The gemspec for a Ruby C extension is fairly straightforward. The only thing you'll need to add is to set the spec's extensions attribute to the path to the extconf.rb file.

Gem::Specification.new do |s|
  s.require_paths = ["lib"]
  s.extensions = ["ext/sieve/extconf.rb"]
  # ... rest of the gemspec
end

As with any gemspec, you'll want to make sure that you list the .c and .h files within files.

Results

Armed with this, you should be able to go and write Ruby C extensions to your hearts content. As for my Sieve experiment, here's the pure-Ruby implementation of the sieve:

# usage:
#   >> sieve 100
#   => [2, 3, 5, 7, 11, 13, 17, 19, 23, 29, 31, 37, 41, 43, 47, 53, 59, 61, 67, 71, 73, 79, 83, 89, 97]
def sieve(n)
  numbers = (0..n).map {|i| i }
  numbers[0] = numbers[1] = nil
  numbers.each do |num|
    next unless num
    break if num**2 > n
    (num**2).step(n, num) {|idx| numbers[idx] = nil }
  end
  numbers.compact
end

My benchmarks were running the sieve on numbers from zero to one million in steps of 100,000. No memoization is used for either form.

On Ruby 1.8.7, here are the results from my benchmark:

                   user     system      total        real
sieve method   4.460000   0.060000   4.520000 (  4.522069)
Numeric#sieve  0.040000   0.000000   0.040000 (  0.046349)

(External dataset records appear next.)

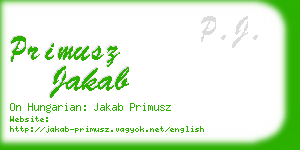 primusz jakab business card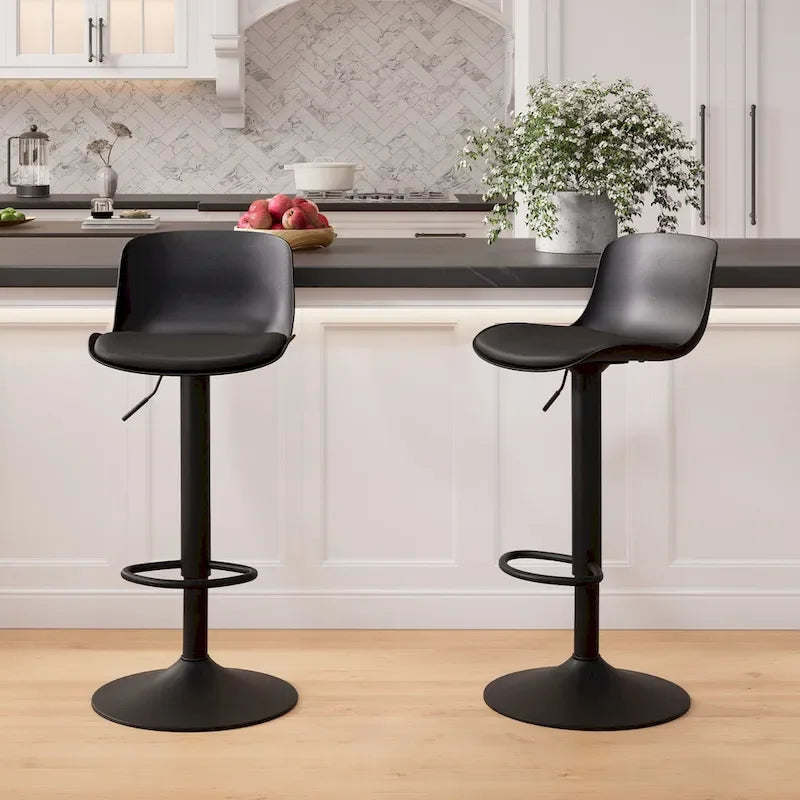Swivel Bar Stools Set of 2, Height Adjustable Counter Stools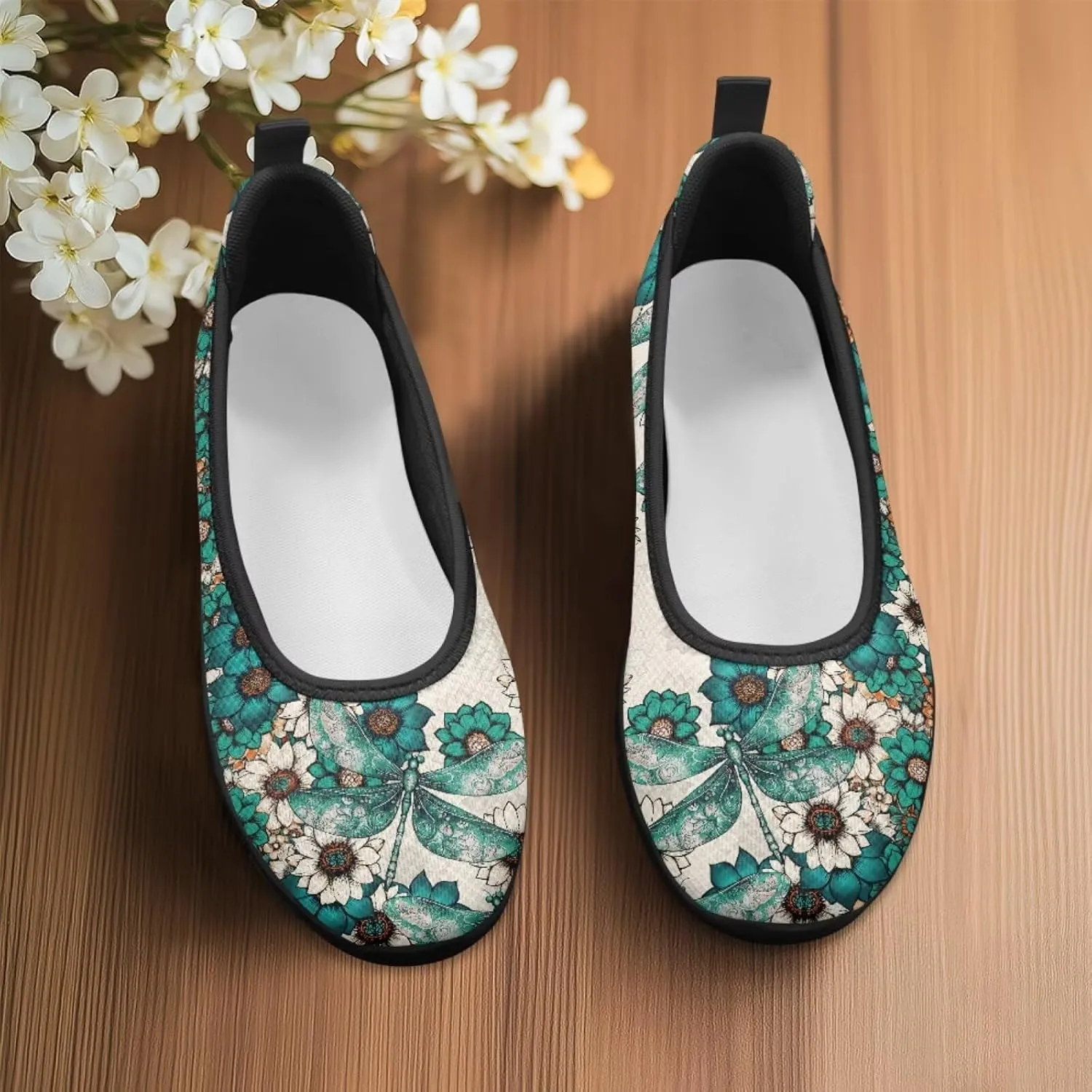 Binienty Ladies Walking Shoes Women Slip On Loafers Casual Nurse Teacher Mom Work Flats Non Slip Memory Foam Sole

Ruby 1.9.2 is significantly faster, but still doesn't hold a candle to the C extension:

                   user     system      total        real
sieve method   2.410000   0.060000   2.470000 (  2.468430)
Numeric#sieve  0.050000   0.000000   0.050000 (  0.049053)

What I Learned

Writing C is both fun and can enhance performance of number-crunching and other fun things. It has it's place and is a great addition to any Rubyist's toolbox. Have you written any C extensions purely for performance gains? If you're open to sharing the context, I'd love to hear about it!